A Java UI which counts word occurrences in a text file. Results are sorted in alphabetical order and saved in a simple HTML file. With this, you can:
- Search for multiple terms in one go.
- Quickly find misspelt words in large texts
- Sneak into the context around some keywords.
Numbers and bracketed numbers (often reference signs) are listed separately. User can uncheck words, symbols, numbers or custom search terms, thereby shortening the result html file. Scenarios: Unchecking symbols can be useful if a source text contains some mathematical expressions, for example. Unchecking numbers may be helpful if a text contains line numbers.

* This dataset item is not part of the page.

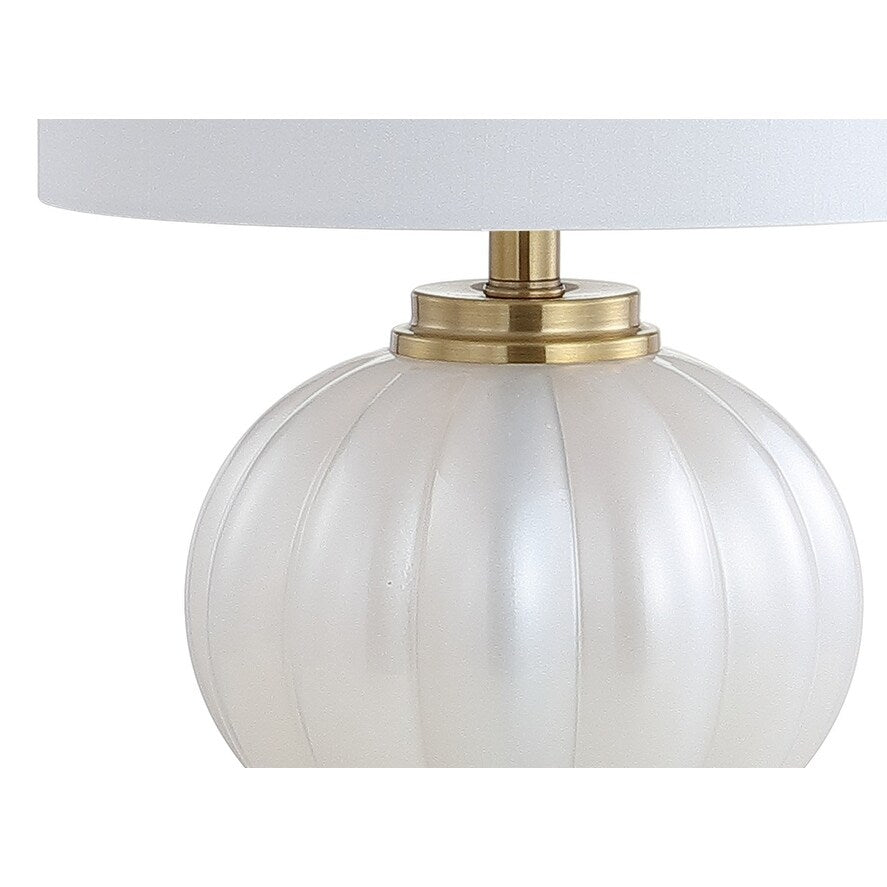 Dana 17.5" Glass/Crystal LED Table Lamp, White/Chrome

With regular expressions, simple filtering for data types similar to ISBN, date or time, URLs or e-mail addresses is done; these tokens are listed separately as well. As regular expressions can be fiddly, I focused on a simple and stable solution so this filtering may not always yield perfect results.

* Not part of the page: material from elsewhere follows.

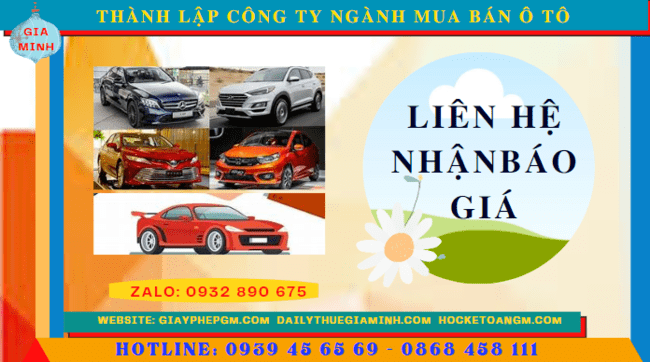 Chi phí thành lập công ty kinh doanh ô tô trọn gói tại Bình Phước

- Filter ISBNs, e-mail addresses or URLs that occur in a long e-mail or messenger thread.
- Have all occurrences of a word or a name in a long thesis been spelt in the same manner?
- Does a text contain a specific search term?
If so, in which context, that is, within which sentence or paragraph, does the search term appear?
The size of the shown text around that search term can be specified by the user.
Open File
: browse to a text file. Set the topic (this will be the HTML title) and the target filename. The ending .html
will be added automatically if missing. Target file will be placed in the same folder as the source text file (folder choice button may be implemented later).
Then click on Start
. Words from the text file are gathered, collected and sorted. Finally, click the button Show Results
to open the result file in a browser.
Basically, the results.html file can be opened with any later browser, e.g. Firefox and Microsoft Edge.
As clickable <details>
tags are used, Internet Explorer is not fully supported. The html source code itself is kept readable so that compatibility issues are minimized.
This way, quick review of an entry by command line tools as well: such as
(Linux only) less results.html | grep <word>
or (Windows command line) type results.html | findstr "1"
. Any suitable editor tool works as well.
To compile, a JDK is required, it will run on a JRE 8 or later.
The jar file can then be used on different platforms including a Raspberry Pi (it has been tested on Raspberry Pi3).